### Exercise requirements
When you answer, give every record back exactly as written.
=== Begin Enclosure ===
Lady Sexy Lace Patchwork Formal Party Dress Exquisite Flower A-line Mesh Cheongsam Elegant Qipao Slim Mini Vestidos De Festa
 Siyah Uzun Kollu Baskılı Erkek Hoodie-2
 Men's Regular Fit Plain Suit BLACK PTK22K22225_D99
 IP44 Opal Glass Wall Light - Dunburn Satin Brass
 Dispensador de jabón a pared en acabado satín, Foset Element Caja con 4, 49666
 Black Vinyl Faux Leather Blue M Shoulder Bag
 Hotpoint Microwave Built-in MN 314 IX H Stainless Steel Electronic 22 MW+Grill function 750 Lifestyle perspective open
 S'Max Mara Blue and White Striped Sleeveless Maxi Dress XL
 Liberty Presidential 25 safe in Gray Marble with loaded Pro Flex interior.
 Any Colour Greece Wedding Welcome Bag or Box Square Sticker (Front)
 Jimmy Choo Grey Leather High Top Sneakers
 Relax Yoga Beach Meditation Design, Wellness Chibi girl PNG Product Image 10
=== End Enclosure ===
### Solution below
Lady Sexy Lace Patchwork Formal Party Dress Exquisite Flower A-line Mesh Cheongsam Elegant Qipao Slim Mini Vestidos De Festa
 Siyah Uzun Kollu Baskılı Erkek Hoodie-2
 Men's Regular Fit Plain Suit BLACK PTK22K22225_D99
 IP44 Opal Glass Wall Light - Dunburn Satin Brass
 Dispensador de jabón a pared en acabado satín, Foset Element Caja con 4, 49666
 Black Vinyl Faux Leather Blue M Shoulder Bag
 Hotpoint Microwave Built-in MN 314 IX H Stainless Steel Electronic 22 MW+Grill function 750 Lifestyle perspective open
 S'Max Mara Blue and White Striped Sleeveless Maxi Dress XL
 Liberty Presidential 25 safe in Gray Marble with loaded Pro Flex interior.
 Any Colour Greece Wedding Welcome Bag or Box Square Sticker (Front)
 Jimmy Choo Grey Leather High Top Sneakers
 Relax Yoga Beach Meditation Design, Wellness Chibi girl PNG Product Image 10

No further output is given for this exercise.